The Murray's Club Archive Exhibition.
Event Information
Description
Murray’s Cabaret Club | The exhibition has been extended to the 12th April. New time slots are now available.
Murray’s Cabaret Club in London’s Soho was a notorious jazz and revue club which opened in 1913 on Beak Street.
Known for extravagant dance shows and risqué embroidered costumes the Club’s hostesses included Christine Keeler and Mandy Rice Davies who were both at the heart of the most enduring political scandals of our time, the Profumo Affair in the 1960’s.
Attracting royalty including HRH Princess Margaret and the Duke of Edinburgh, whose Thursday Club friends frequently went to Murray’s for a glamorous evening of fine dining, wining and women, as most recently depicted in the Netflix series The Crown.
Vintage Poster collector, Charlie Jeffreys, in conjunction with the Museum of Soho
are mounting an exhibition and sale of a selection of the original illustrations at The Century Club including costume designs from Murray’s Fifties heyday.

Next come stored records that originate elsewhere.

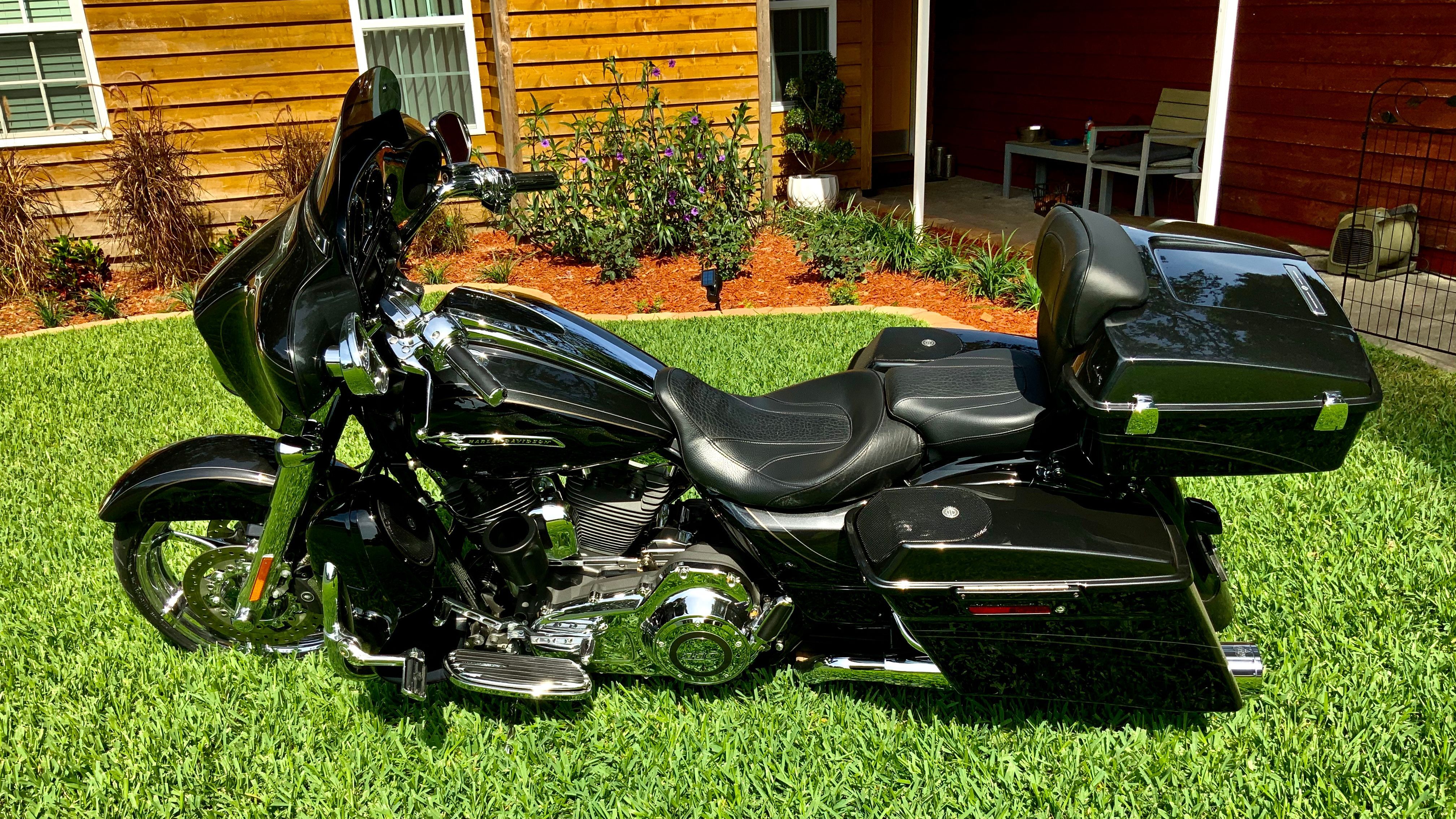 2012 Harley-Davidson STREET GLIDE CVO STREET GLIDE CVO STREET GLIDE in Seffner, FL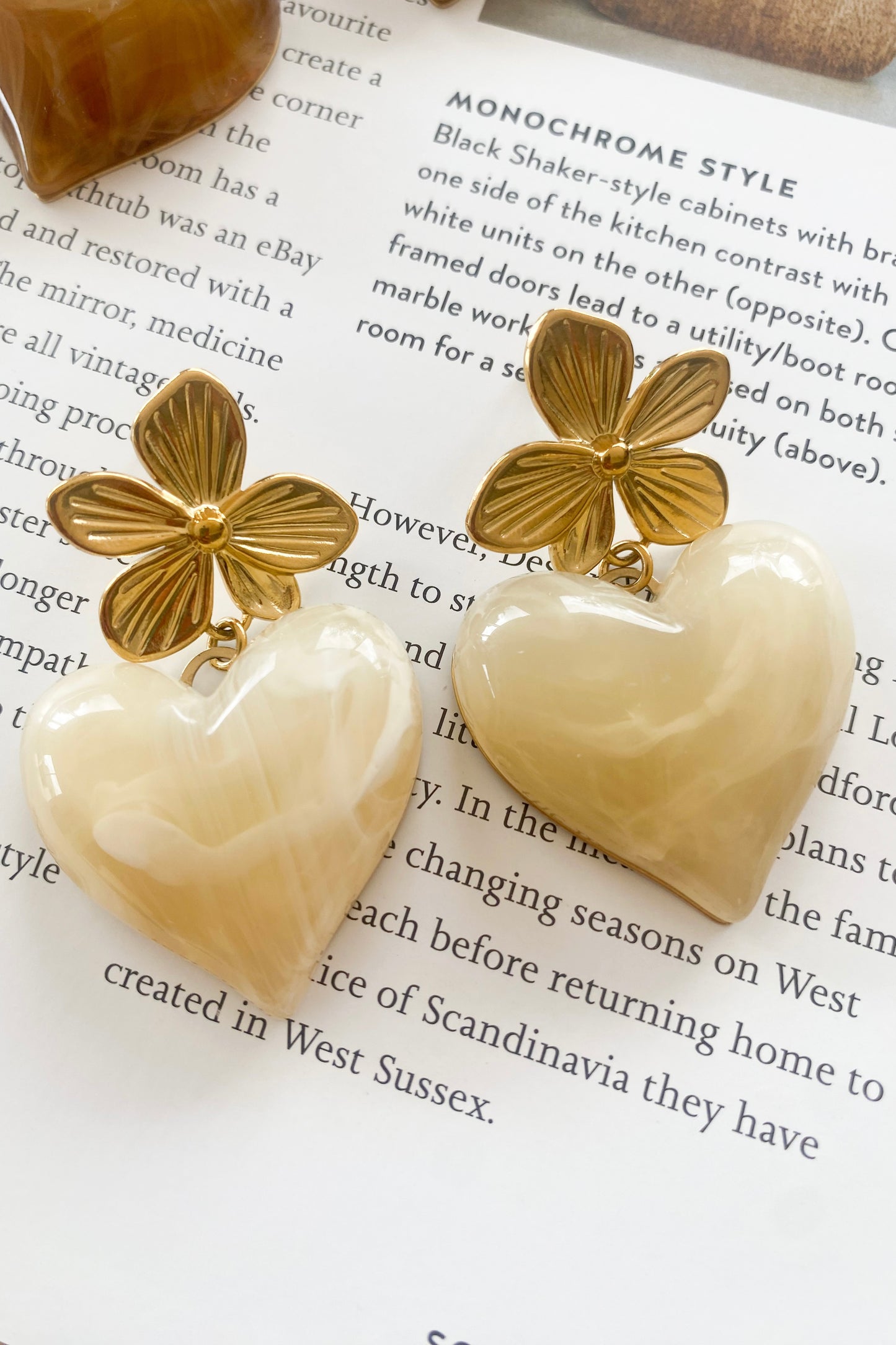 BOUCLES D'OREILLES HEART BLANCHES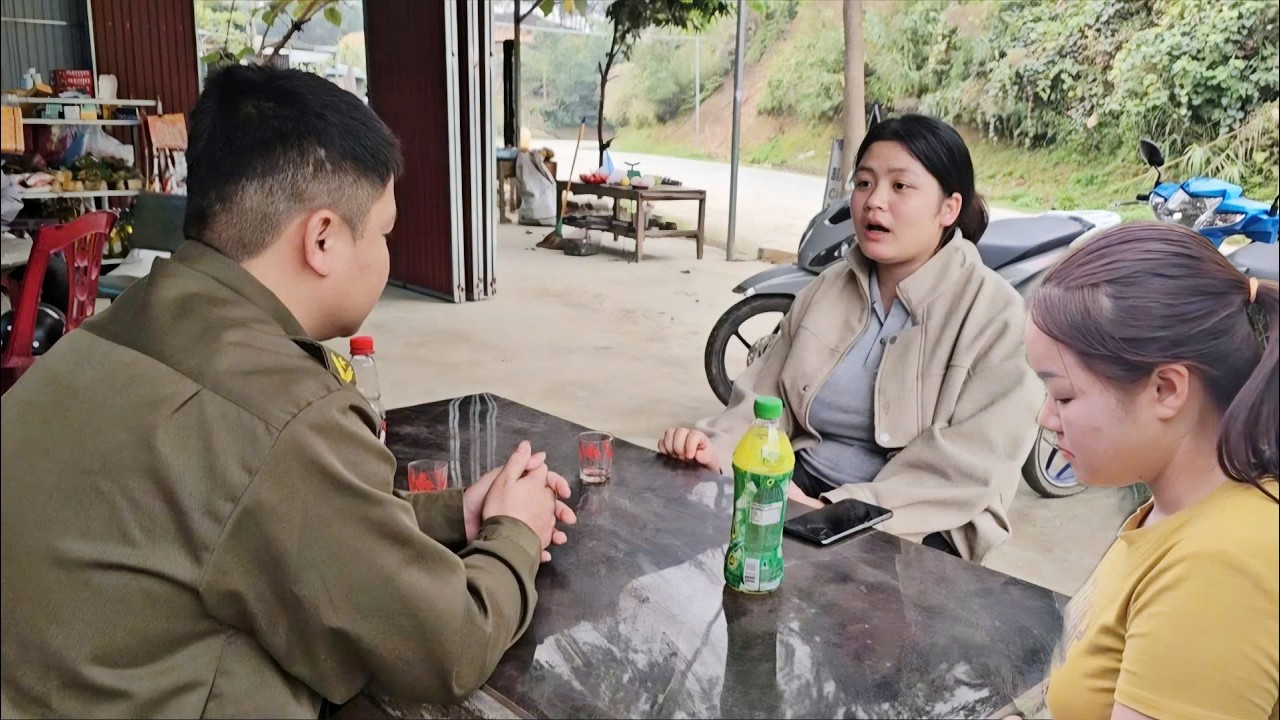 Чык рассказал своей сестре о прошлом Фуонга, и она была потрясена.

The majority are by Ronald Cobb (1909-1997) whose risqué gouaches combine ingenuity and style. They are an amusing assortment of witty French maid fantasies, macabre mannequins in sweeping cloaks, and startling space-age headdresses. G-strings and period humour abound but Cobb’s bizarre confections of plastic, gauze and body paint are always on the right side of kitsch. There are also a few designs by Michael Bronze (1916-1979) whose sketches are intricate and lavish. His bejewelled Cleopatra-style costumes ooze the elegant sophistication of Fifties glamour. Some earlier costumes by Hilda Wetton (1896-1980), the legendary designer with The Windmill Theatre will also be on display.
Exhibition curated by the V&A’s Ben Levy.